En la vida de Simón Bolívar esos eventos hijos de la tradición oral sobran. Su figura, además de histórica, es “legendaria”, en todo el sentido de la palabra; más, siendo un personaje tan polémico como universal. Lo increíble y maravilloso igualmente forma parte de nuestra evolución como pueblo y no lo debemos dejar de lado.
Ahora conmemoramos unos de esos especímenes, un acontecimiento poco conocido por los legos, pero que, siendo el mismo cierto o falso, nos deja una moraleja de gran significación actual. Pensándolo en frío y sabiendo de lo irreverente del insigne, lo más probable es que si haya ocurrido como lo han expuesto algunos cronistas.
Era el 28 de octubre de 1825, día de San Simón. Como era de rigor, significativa fecha tenida popularmente como el cumpleaños del Libertador, ameritaba un sarao de padre y señor nuestro. Ya el Hombre Grande ubicado en la Villa Real del Potosí, y bajo el influjo del coqueteo de Doña Joaquina Costas, decretaba celebrar en este lar boliviano el día de su santo. La gala estaba servida con todo el protocolo esperado. Las serenatas, las descargas de artillería, los fuegos pirotécnicos y la algarabía callejera animaban el preludio del gran festejo.
La misa primero y el banquete en las instalaciones de las Arcas Reales más tarde, no podían faltar. Relumbraba el Padre de la Patria con su rutilante traje de fiesta, bastante guapo, sin patillas y sin bigotes.
Una vez arrancado el baile con sus ojos zahorí se percataría el caraqueño de que el general José Laurencio Silva era ignorado por las bellas damiselas; que le rechazaban su mano tendida en la solicitud de alguna pieza las níveas aristócratas, quienes no querían juntarse con llanero de tez oscura, un sujeto considerado socialmente inferior.
Se dice que inmediatamente, sin un ápice de disgusto, Bolívar ordenaría el cese de la música; y que acto seguido se dirigiría al centro de la sala, alzando el volumen de su voz, opacando el cuchicheo de los invitados, haciendo una reverencia, para después expresar: “Señor José Laurencio Silva… Ilustre prócer de la Independencia Americana, Héroe de Junín y Ayacucho, a quien Bolivia debe inmenso amor, Colombia admiración, Perú gratitud eterna, saben que el Libertador quiere honrarse en bailar ese vals con tan distinguido personaje”.
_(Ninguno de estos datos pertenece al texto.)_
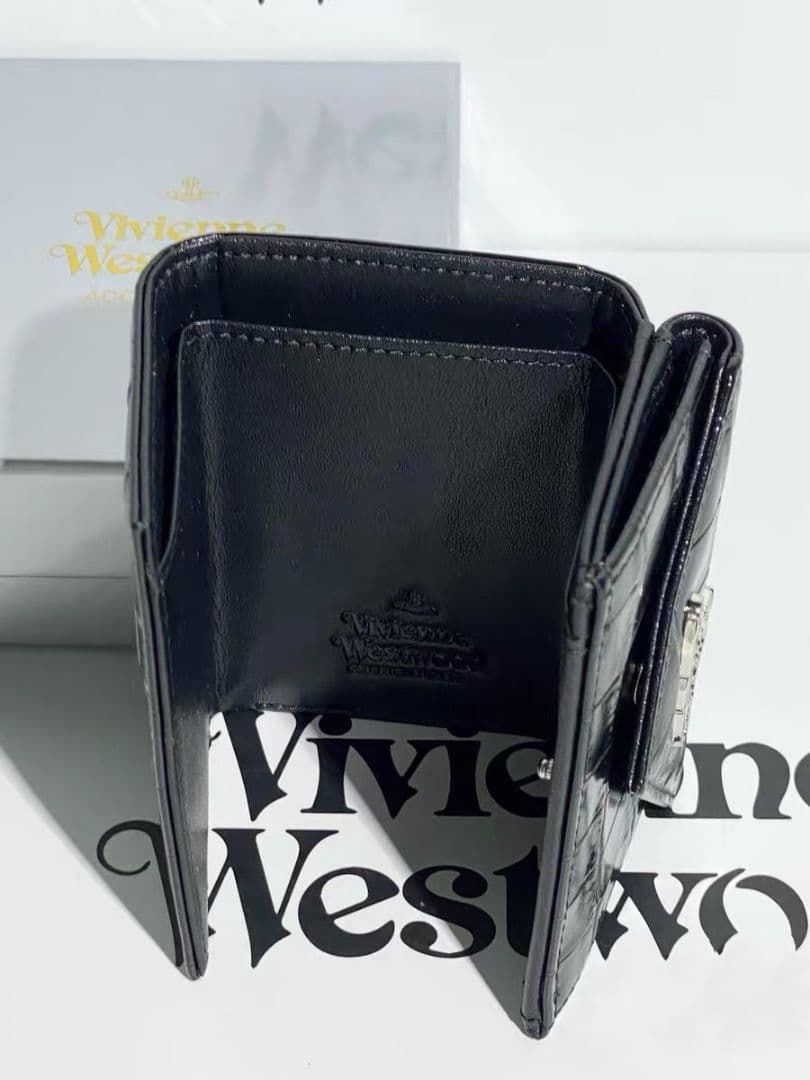Vivienne Westwood ブラック三つ折り財布 ＃21155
Luego, daría la orden de que la orquesta interpretara la melodía, tomando a su edecán delicadamente de la mano y trazando elegantes pasos. Como se ha de suponer el asombro fue mayúsculo, pero los aplausos más.
Las doncellas entendieron el mensaje y se “rebajaron” a danzar con aquel héroe con más heridas en el campo de batalla, aquel, quien cinco años más tarde reclamaría, con sincera lealtad, que El hombre de las dificultades no podía morir con una camisa rota. Sería diciembre de 1830.
Rememoramos el bicentenario de un suceso fantástico en el cual la personalidad del Libertador supo hacer de las suyas, por la visibilización de un hombre que tanto dio por nuestra emancipación y que no, por su origen social, étnico o posición política, tenía que ser maltratado. Un ejemplo para los días que corren.